The paper addressed the main features of a methodology for the hydrodynamic optimization and systematic hull form development of fast displacement catamarans. The procedure is based on a methodology for the minimization of the calm water resistance, particularly the wave resistance, of slender, twin hull vessels of arbitrary shape, considering their seakeeping performance and various geometric parameters set by design or by other operational constraints. Alternative mathematical models and computer algorithms for the wave resistance of arbitrarily shaped hull forms have been developed and applied herein, namely simplified thin ship theory approaches based on Michell's original source distribution concept but accounting for asymmetries of the slender/thin demihull forms through a doublet distribution and alternatively a 3D panel source method, that is based on the 3D Green function approach and is generally applicable to arbitrary hull forms. The developed theoretical-numerical methods have been applied to the hull form development of a variety of Fast Displacement Catamarans. Comparative theoretical and experimental results for the wave resistance and horsepower requirement of two SWATH ships and two Displacement Catamarans were presented and discussed, considering their overall hydrodynamic and efficiency performance.

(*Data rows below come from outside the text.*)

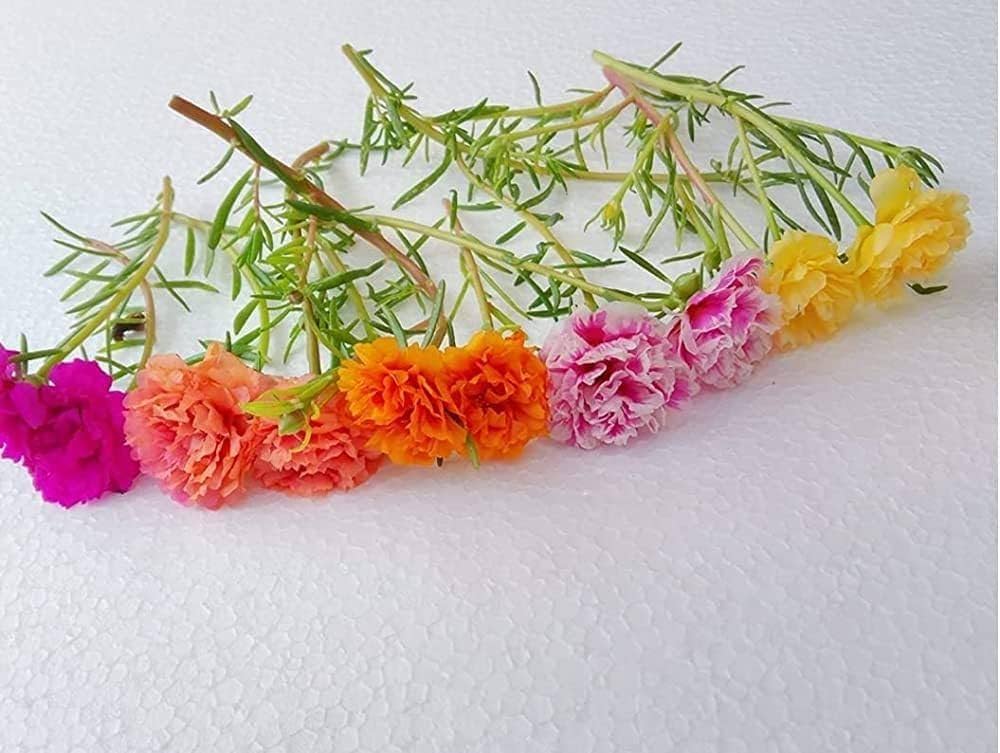 Cypress Portulaca Oleracea, purslane mixed colours Live plant cuttings without roots of 15 Cuttings(5 to 7 colours) - Seeds Ville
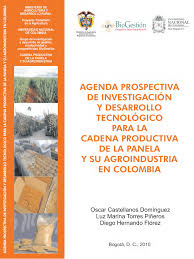 Mira estas cadenas de whatsapp hot 100% picantes los mejores retos hot que vas a poder. Pdf Agenda Prospectiva De Investigacion Y Desarrollo Tecnologico Para La Cadena Productiva De La Panela Y Su Agroindustria En Colombia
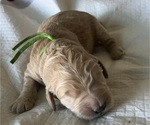 Small #6 Goldendoodle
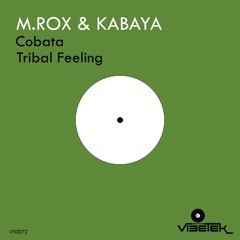 Tribal Feeling (Original mix)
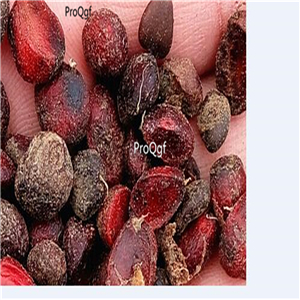 19usd Ngryise 500Pcs A Set Magnolia liliiflora seed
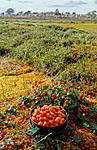 KA 99 04 0041 / Rubus chamaemorus / Molte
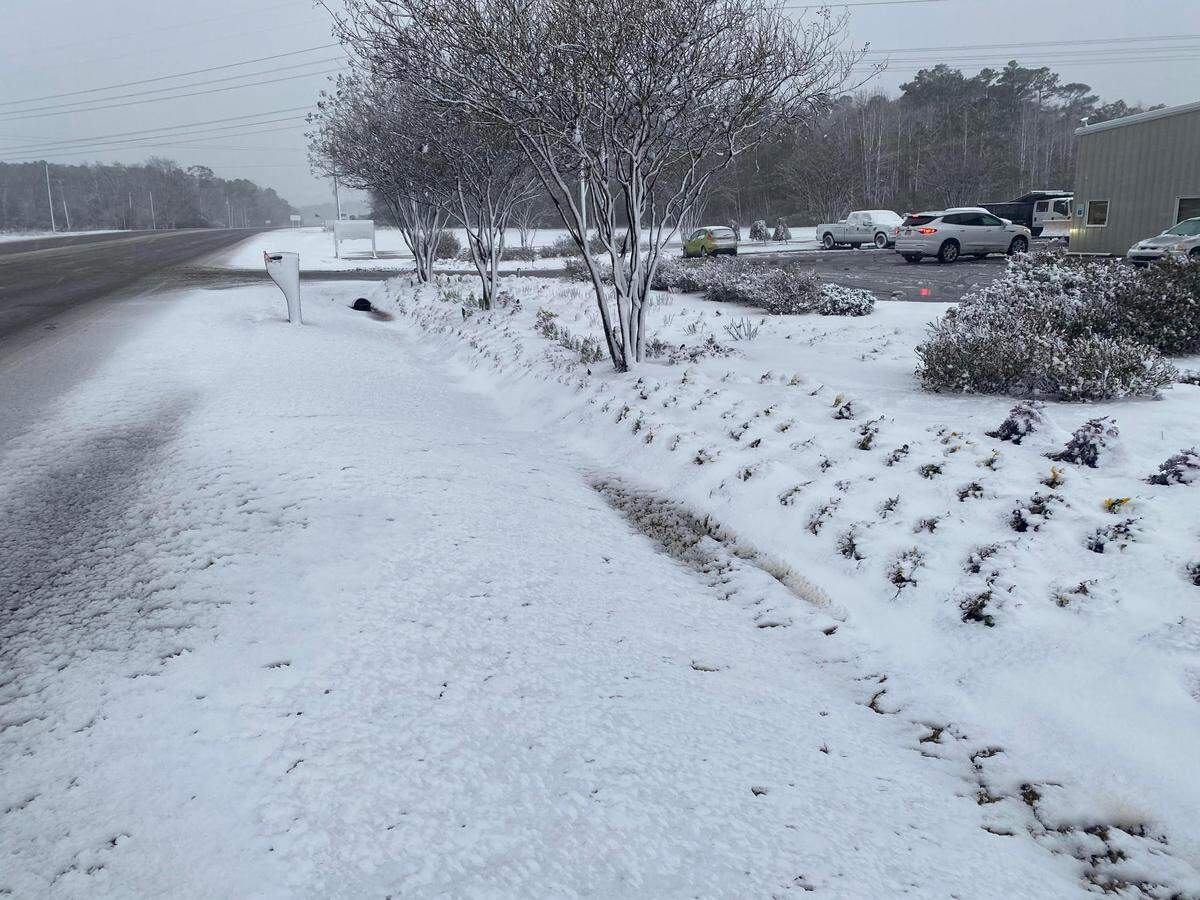 This is a view of the snow that fell in the coastal town of Jarvisburg along the Currituck Sound.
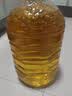 多力【保真菜籽油】芥花油5L 非转基因食用油粮油植物油 实拍图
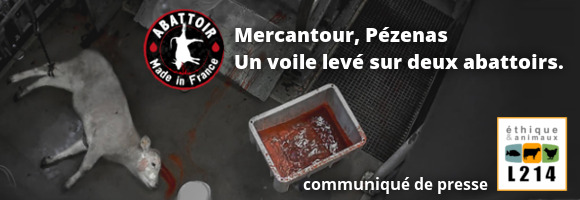 Abattoirs de Pézenas et Mercantour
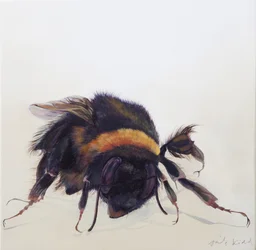 Bombus terrestris 9, 2013 (acrylique sur bois)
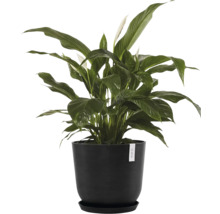 Einblatt im schwarzen Pflanzgefäß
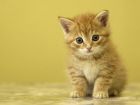 Hola amigos!!
cosa de gatos aside Grrrr!!!!
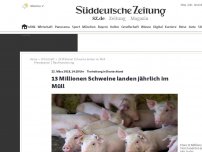 Bild zum Artikel: 13 Millionen Schweine landen jährlich im Müll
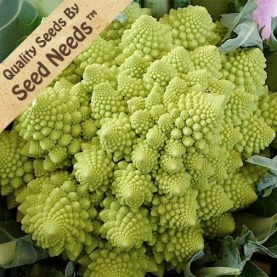 An apple green broccoli with multiple architectural-like spires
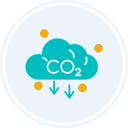 co2 icon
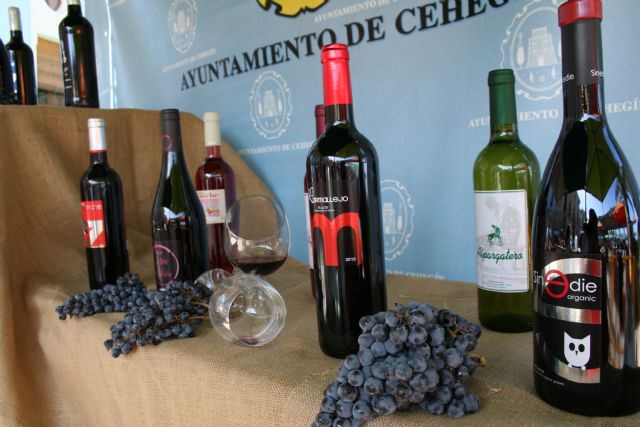 'El Mesoncico' ofrece los mejores vinos de la tierra en la primera edición de la temporada - 5, Foto 5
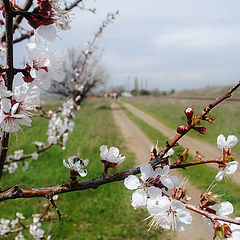 photo "Spring recollection"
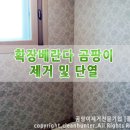 곰팡이헌터 이미지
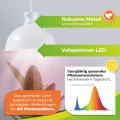 Bio Green Pflanzenleuchte FLORABOOSTER 500 - Weiß | LED Vollspektrum | Maximales Wachstum | Gewächshauslampe | Grow Light für Gemüse- & Zimmerpflanzen - Thumbnail 3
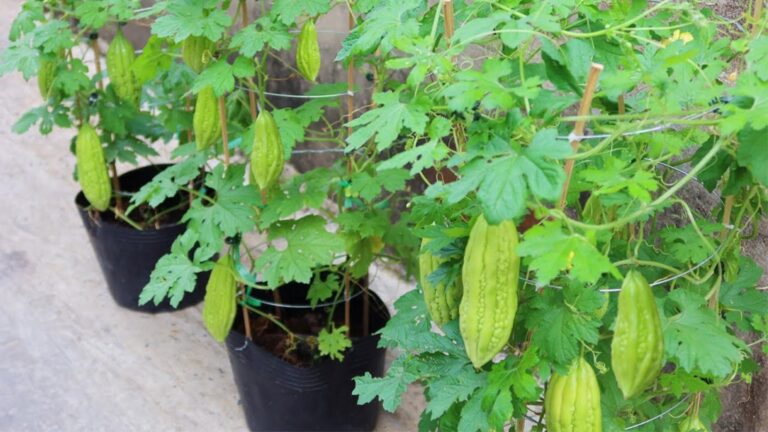 Cette méthode simple vous permettra de récolter des melons amers en trois mois…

The ferry “SUPERCAT-HAROULA” (NTUA code: GOUTCAT) is one of the largest steel catamaran ships ever built world-wide and the first one of this type and size built in Greece. With a transport capacity of 1.500 passengers (summer season)/240 cars and an installed horsepower of 2×6.500 HP, she will have a service speed of abt 21.0 knots.
The vessel's beam was fixed to the lowest possible limit by design requirements, namely the car-deck arrangements and the reduced structural weight. In addition, the small beam results to a relatively “small” GM value of between 8.20 and 11.05m, depending on the loading condition, and a reasonable eigenperiod for roll of abt 6.0 sec, what contributes greatly to an acceptable seakeeping behaviour for the designed vessel, as compared with other catamaran designs and related concepts.
This value was at first theoretically predicted and later fully confirmed by the model experiments at VWS Berlin. The propulsive efficiency coefficient ηD, at design speed, is according to the model experiments approximately 75%.
The reported work was partly supported by several past research projects of the Ship Design Laboratory of NTUA funded by the Greek Secr. General for Research and Technology and Alpha Marine Ltd (Mr. Nikos Daphnias) The authors like to thank Mr. E.Boulougouris, Dr.-Eng. cand., for his assistance in the 3D hull form development and the panel generation for the wave resistance calculations and the staff of VWS-Berlin (Dr.-Ing. B.Müller-Graf) for the excellent experimental work on the hydrodynamic performance of GOUTCAT. Finally, the substantial help of Dr.-Eng. G.Zaraphonitis and Dipl.-Eng. M.Androulakakis in the development of some of herein employed software packages of SDL-NTUA is greatly acknowledged.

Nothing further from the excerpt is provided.